By Greg Peel

The Dow fell 9 points or 0.1% while the S&P rose 0.1% to 1325 and the Nasdaq rose 0.4%.

What a rollercoaster ride. The Dow was up as much as 40 from the bell last night and down as much as 25. Scary stuff.

One has to keep reminding oneself that the volatility we saw on Wall Street in the period 2007-11, in which a double-digit-only move in the Dow was the rarity and triple digits the norm, represented an unusual period in history. Prior to 2007 if the Dow rose or fell 50 points it would be considered a wild session. Right at the moment the volume on Wall Street (and on Bond Street) can only be described as pathetic and while low volume can often invoke volatility, in this case the few players in the market seem fairly evenly distributed between buyers and sellers and thus we have a bit of a stalemate.

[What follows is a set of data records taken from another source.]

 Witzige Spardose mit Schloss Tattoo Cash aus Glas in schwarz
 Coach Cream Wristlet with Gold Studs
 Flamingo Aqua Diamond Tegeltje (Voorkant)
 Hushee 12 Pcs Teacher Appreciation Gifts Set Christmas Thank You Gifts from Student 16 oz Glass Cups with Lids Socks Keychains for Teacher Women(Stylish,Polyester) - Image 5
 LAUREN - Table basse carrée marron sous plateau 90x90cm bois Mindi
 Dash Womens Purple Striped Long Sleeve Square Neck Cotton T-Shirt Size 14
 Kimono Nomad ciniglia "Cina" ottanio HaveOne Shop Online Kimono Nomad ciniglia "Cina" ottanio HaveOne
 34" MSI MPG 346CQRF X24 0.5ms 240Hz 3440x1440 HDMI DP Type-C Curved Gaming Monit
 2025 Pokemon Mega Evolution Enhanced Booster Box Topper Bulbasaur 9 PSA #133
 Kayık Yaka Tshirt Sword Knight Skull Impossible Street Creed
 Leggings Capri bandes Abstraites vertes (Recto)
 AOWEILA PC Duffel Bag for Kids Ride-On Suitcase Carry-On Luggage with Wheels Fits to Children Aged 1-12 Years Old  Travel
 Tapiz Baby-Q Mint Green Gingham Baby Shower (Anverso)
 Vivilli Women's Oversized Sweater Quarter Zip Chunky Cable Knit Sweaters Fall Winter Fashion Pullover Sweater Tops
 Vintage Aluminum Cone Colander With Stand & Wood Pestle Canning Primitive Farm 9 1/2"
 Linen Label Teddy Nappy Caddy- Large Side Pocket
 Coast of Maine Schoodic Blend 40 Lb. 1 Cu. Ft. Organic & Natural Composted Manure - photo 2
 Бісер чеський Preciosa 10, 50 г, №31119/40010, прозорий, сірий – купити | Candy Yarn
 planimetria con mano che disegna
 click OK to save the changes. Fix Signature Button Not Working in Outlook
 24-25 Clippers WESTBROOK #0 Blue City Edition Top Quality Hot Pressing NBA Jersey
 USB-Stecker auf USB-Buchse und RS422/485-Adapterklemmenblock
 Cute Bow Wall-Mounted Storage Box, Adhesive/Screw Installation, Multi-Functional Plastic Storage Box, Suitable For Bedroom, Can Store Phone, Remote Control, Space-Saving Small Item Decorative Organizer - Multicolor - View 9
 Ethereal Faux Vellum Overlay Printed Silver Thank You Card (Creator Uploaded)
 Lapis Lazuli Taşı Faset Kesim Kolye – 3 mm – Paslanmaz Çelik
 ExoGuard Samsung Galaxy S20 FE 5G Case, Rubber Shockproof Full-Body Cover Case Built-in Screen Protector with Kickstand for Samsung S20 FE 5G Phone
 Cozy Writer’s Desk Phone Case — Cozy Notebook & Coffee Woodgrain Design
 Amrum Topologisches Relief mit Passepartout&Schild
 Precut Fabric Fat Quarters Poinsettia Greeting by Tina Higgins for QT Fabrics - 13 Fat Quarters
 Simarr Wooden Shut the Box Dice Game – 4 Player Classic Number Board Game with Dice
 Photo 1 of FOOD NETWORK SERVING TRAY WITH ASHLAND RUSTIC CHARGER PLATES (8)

To a large extent the stalemate reflects what's going on in Greece, or more more accurately, what's not going on in Greece. We're constantly told there'll be an agreement reached in Athens "soon" and the global market seems to have assumed a Greek resolution to be a given at some stage. It's just that no one wants to take too much of a punt beforehand.

There was a little bit of a flurry last night when Chinese premier Wen Jiabao suggested in Beijing, where he is hosting Angela Merkel, that China was sizing up ways it could be involved in the European Stability Mechanism which is due to be established next year. In other words, "we're just jangling them round a bit now in our hand before figuring out how best to give them a squeeze". The excitement was short lived as the market realised we're talking a year away.

Then there's the US earnings results, which continue to be mixed at best. Last night Dow component Merck disappointed but Mastercard surprised to the upside and Qualcomm became the latest tech company to blow forecasts out of the water. There's little in the way of a trend. US economic data are also mostly positive but mixed. Last night's monthly chain store sales data showed discount stores like Target and Costco going well and any middle-range retailer struggling badly. The unseasonably warm US winter has absolutely killed apparel stores just as surely as bikinis have been impossible to shift in Sydney this summer. But the weekly new jobless claims number fell to 367,000 last week which is almost a four year low.

Tonight it's non-farm payrolls, and Wall Street often goes quiet ahead of what is realistically the most important data set. Consensus has 150,000 jobs being added for a steady unemployment rate of 8.5%.

Currency markets were quiet last night as the US dollar ticked up a tad to 79.00. The Aussie was of the most interest after the surprise jump in the local trade surplus announced yesterday, but it has only gained 0.3% to US$1.0740 over 24 hours. Gold strangely rose US$14.10 to US$1759.00/oz with the only explanation being creeping concern as the Greek deal never quite happens. Having risen on Wednesday night, base metals decided to fall last night by 1-2% on lack of interest.

Is someone putting on a big crude oil spread trade again? Last night Brent rose US$1.14 to US$112.44/bbl and West Texas fell US95c to US$96.66/bbl. The spread has been sitting around the US$10-11 mark for a few weeks now having been to US$26 before Libya came back on line, but now it's edged out to around US$16. Brent is under the influence of the ramifications of European sanctions against Iran which would also be having an impact in the US if it wasn't for larger than expected local inventories.

So not much more to say today. Next week the US earnings season will start to taper off as the Aussie season starts to ramp up to give us a bit more to concentrate on locally. In the meantime we may or may not ever hear some news from Athens.

The SPI Overnight was down a point.

US jobs numbers tonight along with global service sector PMIs. Rudi will appear on the BRR Network's Round Table at 3pm today.